Palaeoecological records provide useful information for conservation and restoration actions but do not solve the debate between the critics and the defenders of the use of fire by indigenous GS people. The main reason is that this debate is unrealistic because it is based only on two opposing and inflexible positions and does not consider the whole range of possibilities for a suitable management of the GS. The dispute is rather simplistic, that is, fire suppression versus the continuity of indigenous fire practices, and guided by a priori ideological and socio-economic positions. One of the main lessons of palaeoecology is that the GS landscape has not been immutable through time but, on the contrary, has experienced multiple ecological states under the synergistic action of natural and anthropogenic drivers.
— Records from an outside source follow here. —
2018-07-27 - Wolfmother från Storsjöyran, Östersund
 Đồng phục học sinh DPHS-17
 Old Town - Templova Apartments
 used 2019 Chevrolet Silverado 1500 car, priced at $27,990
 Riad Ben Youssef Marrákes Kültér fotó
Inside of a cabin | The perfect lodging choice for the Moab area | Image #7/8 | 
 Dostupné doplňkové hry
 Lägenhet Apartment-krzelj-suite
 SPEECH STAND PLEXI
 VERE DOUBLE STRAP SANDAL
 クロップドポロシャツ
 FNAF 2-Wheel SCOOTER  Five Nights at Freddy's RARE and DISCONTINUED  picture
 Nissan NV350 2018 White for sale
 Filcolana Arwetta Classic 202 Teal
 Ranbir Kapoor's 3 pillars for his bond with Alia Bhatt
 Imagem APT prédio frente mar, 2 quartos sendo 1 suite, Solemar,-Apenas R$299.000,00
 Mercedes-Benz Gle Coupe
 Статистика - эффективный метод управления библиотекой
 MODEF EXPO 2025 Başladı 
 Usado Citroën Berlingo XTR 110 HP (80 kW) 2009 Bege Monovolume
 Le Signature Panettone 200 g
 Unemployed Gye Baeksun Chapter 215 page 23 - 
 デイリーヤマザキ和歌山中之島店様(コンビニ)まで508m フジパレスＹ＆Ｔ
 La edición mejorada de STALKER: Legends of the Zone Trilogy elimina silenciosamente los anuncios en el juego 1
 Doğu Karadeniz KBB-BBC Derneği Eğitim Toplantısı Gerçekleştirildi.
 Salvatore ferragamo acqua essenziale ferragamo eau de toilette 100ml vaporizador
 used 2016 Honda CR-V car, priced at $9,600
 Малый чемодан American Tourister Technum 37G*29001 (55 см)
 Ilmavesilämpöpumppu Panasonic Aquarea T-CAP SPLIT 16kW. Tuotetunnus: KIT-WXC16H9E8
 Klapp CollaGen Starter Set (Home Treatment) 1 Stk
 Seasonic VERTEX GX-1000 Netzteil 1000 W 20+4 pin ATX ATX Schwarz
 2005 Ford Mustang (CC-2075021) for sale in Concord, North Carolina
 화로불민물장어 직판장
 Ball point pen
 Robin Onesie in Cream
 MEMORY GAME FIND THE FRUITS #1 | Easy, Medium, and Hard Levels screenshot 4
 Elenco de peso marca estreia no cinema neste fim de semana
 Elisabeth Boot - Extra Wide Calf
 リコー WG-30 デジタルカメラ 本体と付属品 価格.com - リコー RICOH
This temporal heterogeneity overlaps with a significant environmental diversity in space to produce a complex ecological scenario that should be taken into account in any realistic conservation planning. In addition, as Leal et al. (in press) noted, not only the biological but also the cultural components of diversity should be preserved. Therefore, it seems the wiser option to preserve the ecological and cultural heritage of the GS, an emblematic neotropical region, by putting aside intransigent positions and agreeing on a common conservation agenda with the participation of all the stakeholders. It would also be helpful to place the debate in a wider context considering the whole range of the neotropical savannas, in order to share information, ideas and experiences. Palaeoecological studies on neotropical savannas are widespread and representative of diverse biogeographical regions (Flantua et al., 2015). These studies have provided relevant insights on the ecological dynamics of savannas and savanna–forest ecotones (e.g. Berrio et al., 2012; Mayle and Whitney, 2012). This information could be used to inform conservation planning at a continental scale.